HILL: Who’s afraid of free speech?

This image shows an 1876 engraving titled "Declaration of Independence, July 4th, 1776" made available by the Library of Congress. On that day, the Continental Congress formally endorsed the Declaration of Independence. Celebrations began within days: parades and public readings, bonfires and candles and the firing of 13 musket rounds, one for each of the original states.

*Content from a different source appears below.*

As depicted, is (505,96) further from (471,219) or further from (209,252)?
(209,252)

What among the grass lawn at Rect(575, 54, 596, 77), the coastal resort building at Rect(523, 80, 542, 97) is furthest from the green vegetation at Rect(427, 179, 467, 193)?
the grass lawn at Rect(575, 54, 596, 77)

Nearly a century passed before the country officially named its founding a holiday. ( J. Trumbull, W.L. Ormsby via AP)

The only people who are afraid of free speech are those who cannot support their views with facts and reason. 

I have never seen anyone in public life who was confident in their ability to understand the issue at hand and use facts, reason and a winsome manner to persuade others try to shut the other side up and not allow them to speak their minds. 

Restricting the number of amendments offered on the floor of the U.S. Senate or House or abolishing the filibuster restricts free speech. So do university restrictions on who can be hired or who can speak on campus. 

Liberal socialist progressive Democrats from President Biden to AOC want to crush free speech on major public-policy issues simply because they can’t explain what they want to do in public and get away with it. Silencing the opposition is the only way they can succeed. 

Polished and skilled leaders welcome the arguments of the other side. Points made by the opposition can be used to buttress the points the skilled leader is making. The opposition usually makes preposterous arguments which diminishes their position, not enhances it.  

Free speech is as crucial to the American experience as oxygen is to fire, as James Madison alluded in Federalist Paper #10, an abridged version of which is printed nearby. 

Progressive liberal Democratic socialists are the intolerant ones today when it comes to free speech. Conservative right-wing Southern Democrats were the intolerant ones in the 1950s and 1960s in North Carolina when it came to the “Speaker Ban” at Chapel Hill, when the NCGA prevented communists from speaking on campus. 

Neither progressive socialist Democrats today nor right-wing Southern Democrats then must have known very much about the Sedition Act signed by President John Adams on July 14, 1798. President Adams was a prickly sort, the kind of person who doesn’t mind being prickly towards others but hates it when they are prickly in return. 

You know the kind. 

The Sedition Act made it a crime, a punishable offense, only nine years after the new Republic was founded on the pillars of free speech and liberty, to make “false, scandalous and malicious” comments in print or in-person against the government, the president or Congress. Since John Adams was a Federalist and Vice President Thomas Jefferson was an ardent Republican, the Sedition Act conveniently left insults and invective hurled against the vice-president as legal and, therefore, encouraged because there was a presidential election coming up in 1800. 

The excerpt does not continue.